Au cours des derniers mois, le lycéen était parvenu à mettre la main sur des données privées (adresses personnelles, numéros de téléphone, adresses e-mail) de la quasi-totalité des membres de la classe politique allemande – dans une cinquantaine de cas, les données volées étaient plus sensibles (coordonnées bancaires, photos de famille…).
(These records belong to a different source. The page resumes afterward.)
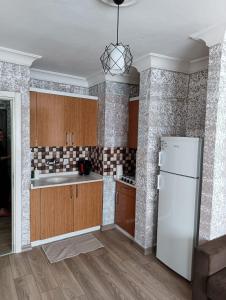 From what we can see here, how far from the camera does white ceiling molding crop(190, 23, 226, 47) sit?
1820mm

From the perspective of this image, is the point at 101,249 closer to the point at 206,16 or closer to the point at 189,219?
the point at 189,219

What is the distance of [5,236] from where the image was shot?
306 cm

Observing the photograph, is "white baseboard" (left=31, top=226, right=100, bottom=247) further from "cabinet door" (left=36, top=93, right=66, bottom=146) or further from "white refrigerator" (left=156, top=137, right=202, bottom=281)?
"cabinet door" (left=36, top=93, right=66, bottom=146)

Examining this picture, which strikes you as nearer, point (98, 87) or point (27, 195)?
point (27, 195)

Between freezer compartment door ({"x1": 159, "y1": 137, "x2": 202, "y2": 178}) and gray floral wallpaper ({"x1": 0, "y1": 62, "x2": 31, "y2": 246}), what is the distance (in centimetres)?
164

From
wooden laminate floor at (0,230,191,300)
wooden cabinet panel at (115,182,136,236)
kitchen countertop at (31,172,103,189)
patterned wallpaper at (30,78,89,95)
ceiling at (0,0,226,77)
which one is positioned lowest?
wooden laminate floor at (0,230,191,300)

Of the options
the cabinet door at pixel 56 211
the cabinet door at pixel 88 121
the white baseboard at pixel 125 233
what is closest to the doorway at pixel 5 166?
the cabinet door at pixel 56 211

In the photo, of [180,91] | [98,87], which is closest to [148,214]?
[180,91]

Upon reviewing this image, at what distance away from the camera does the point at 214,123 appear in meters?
1.92

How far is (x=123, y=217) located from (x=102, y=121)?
150cm

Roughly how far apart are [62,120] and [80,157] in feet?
2.63

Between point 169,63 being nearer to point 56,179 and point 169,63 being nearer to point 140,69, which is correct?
point 140,69

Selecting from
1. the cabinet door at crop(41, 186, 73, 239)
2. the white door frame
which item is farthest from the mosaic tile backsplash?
the white door frame

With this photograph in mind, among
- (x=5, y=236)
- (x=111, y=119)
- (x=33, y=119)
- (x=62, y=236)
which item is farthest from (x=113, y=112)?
(x=5, y=236) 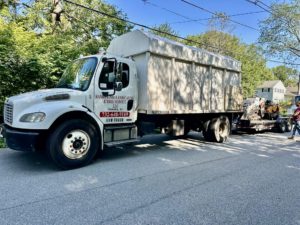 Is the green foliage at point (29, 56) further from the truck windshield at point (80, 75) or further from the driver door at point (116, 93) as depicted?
the driver door at point (116, 93)

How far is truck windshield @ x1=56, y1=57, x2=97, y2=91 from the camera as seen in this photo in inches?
244

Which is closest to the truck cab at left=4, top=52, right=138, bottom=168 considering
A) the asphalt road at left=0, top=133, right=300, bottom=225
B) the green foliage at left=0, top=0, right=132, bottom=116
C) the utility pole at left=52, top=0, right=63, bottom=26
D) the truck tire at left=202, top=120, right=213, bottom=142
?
the asphalt road at left=0, top=133, right=300, bottom=225

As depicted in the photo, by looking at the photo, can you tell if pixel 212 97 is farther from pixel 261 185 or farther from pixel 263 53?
pixel 263 53

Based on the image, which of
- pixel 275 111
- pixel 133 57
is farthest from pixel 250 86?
pixel 133 57

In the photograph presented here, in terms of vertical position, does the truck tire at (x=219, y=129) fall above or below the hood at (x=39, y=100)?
below

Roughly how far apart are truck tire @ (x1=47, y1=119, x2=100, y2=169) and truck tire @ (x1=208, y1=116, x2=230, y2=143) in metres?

L’homme avait publié une large partie de ces informations entre le 1er et le 28 décembre de l’an dernier, sous forme de calendrier de l’Avent, pour l’essentiel sur un compte Twitter au nom de God.

 

Au total, un millier de personnes – des politiciens mais aussi des acteurs, des animateurs de télévision, des journalistes et des rappeurs – ont été victimes du jeune hacker. Jusqu’au président de la République et à Angela Merkel. Deux adresses e-mail privées de la chancelière ont ainsi été rendues publiques, ainsi que le contenu de quelques achats privés. Aucune information confidentielle n’aurait été publiée, selon les enquêteurs, qui avaient d’abord privilégié la piste de l’extrême droite, puisque aucun membre de l’AfD ne figure parmi les victimes.

 

«A priori, c’est simplement parce qu’il n’avait pas pensé à s’attaquer à ce parti», estiment aujourd’hui les enquêteurs, convaincus que le jeune homme n’a agi ni sous l’influence de l’extrême droite ni sous celle d’un tiers.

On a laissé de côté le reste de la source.